Ein zweites Thema, die bevorstehenden Wahlen in Griechenland. In Griechenland wird am 25. Januar gewählt. Unsere griechische Partnerpartei SYRIZA hat gute Chancen auf einen Wahlsieg. Alle Umfragen weisen darauf hin, dass Alexis Tsipras am 25. Januar die Wahlen gewinnen kann und der künftige Ministerpräsident von Griechenland sein wird. Für uns und für viele Menschen in Griechenland ist das ein Grund zur Hoffnung. Offensichtlich macht aber dieser Tatbestand der Bundesregierung eher Angst. Anders ist nicht zu erklären, dass führende Vertreter dieser Regierung nach wie vor die Wahlen in Griechenland beeinflussen wollen und Angst vor einer Regierungsübernahme durch SYRIZA verbreiten. Wir halten das für ein unwürdiges Verhalten unter souveränen Staaten. Schon gar nicht gibt es dafür eine Rechtfertigung, die in unserer Geschichte liegt. Ich glaube, jeder, der die deutsche Geschichte kennt und weiß, dass die deutsche Wehrmacht vier Jahre in Griechenland viele Gräueltaten und Massaker verübt hat, muss sich bewusst sein, dass sich solche Einmischung für unser Land verbietet. Ich will aber auch sagen, dass ich große Hoffnung in Griechenland setze. Von einem Wahlsieg von SYRIZA kann ein Signal für eine andere Politik in Europa ausgehen. Wenn es SYRIZA tatsächlich schafft, die Regierung zu übernehmen und der verhängnisvollen Autoritätspolitik, den verhängnisvollen Verkürzungs- und Armutsprogrammen eine andere Politik entgegen zu setzen, geht davon ein positives Signal für Europa aus. Wir haben gestern den wirtschaftspolitisch Verantwortlichen von SYRIZA zu Gast gehabt. Es ist völlig klar - sie müssen erst einmal Programme gegen die Armut machen, weil die Armut so weit verbreitet ist. Sie müssen die Wirtschaft auf die Füße bringen, sie müssen den Gewerkschaften wieder Tarifvertragsrechte geben und einen funktionierenden Staat aufbauen, der auch tatsächlich Steuern eintreibt - alles positive Signale eines Hundert-Tage-Programms von SYRIZA. Ich glaube, es kann Ausstrahlung auf Spanien geben, wo Podemos zusammen mit den Vereinigten Linken in den Umfragen bei über 30 Prozent liegt. Wir werden unseren Beitrag leisten, dass von der Wahl in Griechenland ein Signal für ein soziales Europa ausgeht.

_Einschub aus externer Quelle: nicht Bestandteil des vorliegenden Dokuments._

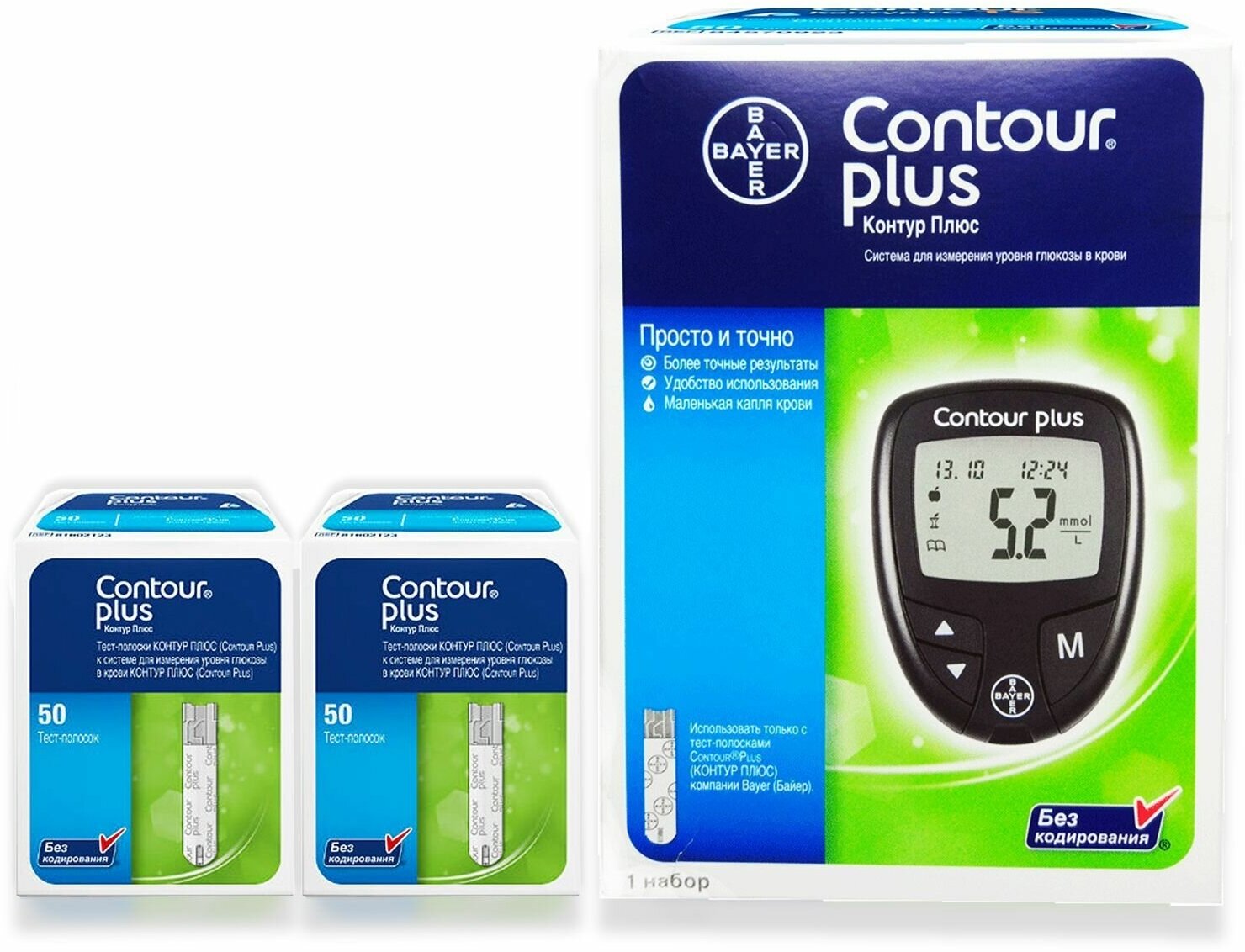 Глюкометр Контур плюс (Contour Plus) +100 тест-полосок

Letzter Punkt - die Debatte um die Aufweichung des Mindestlohnes. Am Wochenende hat Horst Seehofer wieder versucht, einen Stein ins Wasser zu werfen, um den Mindestlohn aufzuweichen. Er hat praktisch vor zu vielen Kontrollen gewarnt und hat sogar gesagt: "Man muss weniger Kontrollen fordern." Wir sagen, ein Mindestlohn ohne Kontrollen ist wie ein Sommer ohne Sonne. Wenn es tatsächlich - wie man immer wieder hört - an Kontrollen fehlt oder fehlende Kontrollen eine Ursache dafür sind, dass der Mindestlohn nicht flächendeckend durchgesetzt wird, dann diskreditiert das den Gedanken des Mindestlohnes, den wir alle positiv finden. Deswegen sagen wir, die Kontrollen müssen sein. Ich bin dieser Tage in Berlin Taxi gefahren, da hat mir der Taxifahrer erzählt, dass die Taxifahrer nur noch bezahlt werden sollen, wenn sie Kunden transportieren. Völlig rechtswidrig, dass nicht die ganze Zeit bezahlt, in der ein Arbeitnehmer seine Arbeitskraft anbietet, sondern nur noch die Zeit, in der er tatsächlich Geld einbringt durch Fahrten. Alles Dinge, die jetzt massenhaft passieren werden. Da ist es dringend erforderlich, dass die Leute einerseits ihre Rechte kennen und auf der anderen Seite, dass die Bundesregierung dafür sorgt, dass flächendeckend Kontrollen durchgeführt werden. Dazu reicht der Zoll definitiv nicht aus. Es muss den Gewerbeaufsichtsämtern ermöglicht werden, dass auch sie diese Kontrollen durchführen können. Sie haben die Voraussetzungen dafür. Das würde im Übrigen auch nicht mehr Geld kosten, würde aber sicherstellen, dass die Kontrolldichte tatsächlich aufgebaut wird, die nötig ist, um diesem Gesetz zum Durchbruch zu verhelfen. Ich will jetzt gar nicht darauf hinweisen, dass nach wie vor der Mindestlohn zu klein ist und dringend schnell erhöht werden muss und die Ausnahmen auch abgeschafft werden müssen, damit man tatsächlich von einem flächendeckenden Mindestlohn reden kann.